Hiking Buddy and I left the summit of Rocky Peak at noon.  RPR looked so far away.  We had a quicker trip than we thought along the ridge, through a “meadow” and up RPR.  We reached the summit of RPR 50 minutes later.  The views from here, and from our earlier peaks along the way, included the Great Range off to our right, as well as that of Giant, Whiteface and even Vermont.  We spent 30 minutes at the top, eating and chatting with 3 fellow hikers.  We took our requisite photo with Giant as the backdrop (“does this mountain make my butt look big?!”) and left the summit at 1:20.  Up until this point in the hike, we hadn’t seen too many fellow hikers.  That changed on the trail between Giant and RPR.  Traffic picked up considerably.

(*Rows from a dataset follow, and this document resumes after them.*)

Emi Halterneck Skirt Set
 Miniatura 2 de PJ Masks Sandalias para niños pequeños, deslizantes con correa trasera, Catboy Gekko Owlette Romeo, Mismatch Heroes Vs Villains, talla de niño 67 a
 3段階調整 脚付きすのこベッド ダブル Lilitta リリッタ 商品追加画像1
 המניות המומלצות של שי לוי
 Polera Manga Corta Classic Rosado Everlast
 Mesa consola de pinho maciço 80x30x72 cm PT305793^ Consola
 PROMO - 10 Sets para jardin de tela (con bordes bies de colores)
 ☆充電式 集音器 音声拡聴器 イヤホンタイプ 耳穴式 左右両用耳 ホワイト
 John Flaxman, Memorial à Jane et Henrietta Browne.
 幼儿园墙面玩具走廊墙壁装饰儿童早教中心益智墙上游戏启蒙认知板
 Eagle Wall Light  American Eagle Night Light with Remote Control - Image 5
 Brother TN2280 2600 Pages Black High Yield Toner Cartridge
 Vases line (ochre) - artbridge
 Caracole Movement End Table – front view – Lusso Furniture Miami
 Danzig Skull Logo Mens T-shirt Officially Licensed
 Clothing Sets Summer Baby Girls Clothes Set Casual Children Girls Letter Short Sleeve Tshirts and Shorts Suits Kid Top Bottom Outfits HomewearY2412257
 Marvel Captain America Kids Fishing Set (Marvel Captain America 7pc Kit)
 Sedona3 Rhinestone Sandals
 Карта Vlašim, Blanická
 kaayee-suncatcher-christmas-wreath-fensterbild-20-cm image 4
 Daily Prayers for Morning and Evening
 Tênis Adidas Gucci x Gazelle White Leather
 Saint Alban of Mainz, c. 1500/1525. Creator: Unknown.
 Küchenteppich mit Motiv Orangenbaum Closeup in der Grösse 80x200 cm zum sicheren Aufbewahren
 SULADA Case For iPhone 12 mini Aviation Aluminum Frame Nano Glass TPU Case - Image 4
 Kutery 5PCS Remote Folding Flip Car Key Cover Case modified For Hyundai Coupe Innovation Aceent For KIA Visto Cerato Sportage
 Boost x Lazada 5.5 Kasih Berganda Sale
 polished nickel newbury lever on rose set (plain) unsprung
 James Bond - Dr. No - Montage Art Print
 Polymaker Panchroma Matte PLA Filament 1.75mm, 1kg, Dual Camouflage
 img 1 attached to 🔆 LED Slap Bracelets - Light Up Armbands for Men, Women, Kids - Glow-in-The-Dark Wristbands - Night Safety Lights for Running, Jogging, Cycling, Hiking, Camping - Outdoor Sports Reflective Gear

The trip down from RPR’s summit was fairly easy.  We reached the col within 25 minutes and began the climb up the side of Giant.  This is a fairly steep climb, with some larger areas of rock slide to navigate.  Our legs were really getting tired by the time we reached the trail on Giant at 2:40.  Until this point, I did not remember that the side trail over to RPR was so close to the summit of Giant.  We met two women hikers who looked to be older than us at the trail split.  They were coming down Giant and debating whether to attempt RPR as well.  We talked them into it.  Hopefully they made it over and back without incident.

We began the descent off Giant and were rarely alone at any point on the way down.  It was a busy hiking day!  Giant is a fairly steep climb with very little flat parts so it requires constant vigilance by us “older hikers” regarding careful footing.  We were also exposed to the sun almost the whole way down.  I think this was the first time I got sunburned on a hike.  We had also been in the sun coming over on the ridge.  We reached Route 73 at 4:50.  Hubby and youngest son were chilling at Chapel Pond, along with many other hikers.  We put our feet in – the water felt GREAT!  My advice for this hike is if you’re not too tired to do RPR in conjunction with Giant, then definitely keep a car at Route 9 and one at Route 73 and do RPR as a long walk, rather than returning to the Route 9 trailhead.  This is not difficult to do either as it’s not that long of a ride from Route 73 back to Route 9 to drop off the car.  And it’s pretty cool when you drive along Route 73 to realize that the ridge you see from the road is what you hiked.

At 4,390 feet, Rocky Peak Ridge is the 20th highest High Peak.  It's name came from its geological formation.